Why do we need to verify runningWorkerCount when submitting a task?

Question

Why do we need to verify runningWorkerCount when submitting a task?

chengyayu opened this issue 4 years ago · comments

hi @alitto pond is great. Thank you for your effort. I am studying the code of pond trying to figure out its design structure，
the verify of runningWorkerCount > 0 && p.Idle() > 0 in the following piece of code causes my confusion.

func (p *WorkerPool) submit(task func(), waitForIdle bool) bool {
	if task == nil {
		return false
	}

	runningWorkerCount := p.Running()

	// Attempt to dispatch to an idle worker without blocking
	if runningWorkerCount > 0 && p.Idle() > 0 {
		select {
		case p.tasks <- task:
			return true
		default:
			// No idle worker available, continue
		}
	}

	maxWorkersReached := runningWorkerCount >= p.maxWorkers

	// Exit if we have reached the max. number of workers and can't wait for an idle worker
	if maxWorkersReached && !waitForIdle {
		return false
	}

	// Start a worker as long as we haven't reached the limit
	if ok := p.maybeStartWorker(task); ok {
		return true
	}

	// Submit the task to the tasks channel and wait for it to be picked up by a worker
	p.tasks <- task
	return true
}

What's the problem if we replace runningWorkerCount > 0 && p.Idle() > 0 with p.Idle() > 0?

Alejandro Durante · Answer 1 · Thu Nov 05 2020 05:23:13 GMT+0800 (China Standard Time)

Hey @chengyayu! thank you 🙂
We need to check the worker count using the workerCount counter because idleWorkerCount is not as reliable. If we only check whether p.Idle() > 0, then it could happen that we submit a task to the tasks channel right before this line https://github.com/alitto/pond/blob/master/pond.go#L331, where idleWorkerCount is decremented.
This can cause the task to wait in the tasks channel forever (if no other tasks are submitted afterwards).
workerCount, on the other hand, is updated in a synchronized fashion using a mutex, and that, along with checking the idle counter > 0, guarantees there is at least 1 running goroutine.

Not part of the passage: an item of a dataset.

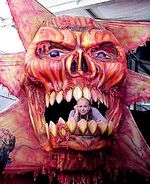 Maze Prop designed by Clive Barker for Clive Barker Hell Maze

This goroutine may or may not be really idle, but that's fine because we just need to make sure the task will eventually be picked up.

Yayu · Answer 2 · Fri Nov 06 2020 10:34:35 GMT+0800 (China Standard Time)

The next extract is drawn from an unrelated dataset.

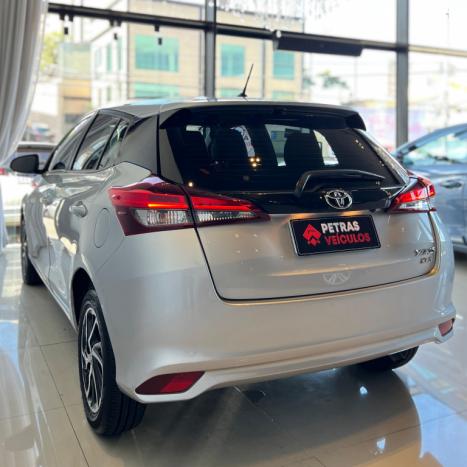 TOYOTA Yaris Hatch 1.5 16V 4P FLEX XLS CONNECT MULTIDRIVE AUTOM�TICO CVT, Foto 15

Hey @alitto thank you for your reply

We need to check the worker count using the workerCount counter because idleWorkerCount is not as reliable. If we only check whether p.Idle() > 0, then it could happen that we submit a task to the tasks channel right before this line https://github.com/alitto/pond/blob/master/pond.go#L331, where idleWorkerCount is decremented.

If we check runningWorkerCount>0 && p.Idle()>0, it could also happen that we submit a task to the tasks channel right before this line https://github.com/alitto/pond/blob/master/pond.go#L331, where idleWorkerCount is decremented. and at that moment, the runningWorkerCount may be 1, am i right ?

This can cause the task to wait in the tasks channel forever (if no other tasks are submitted afterwards). But i do not know how to prove it.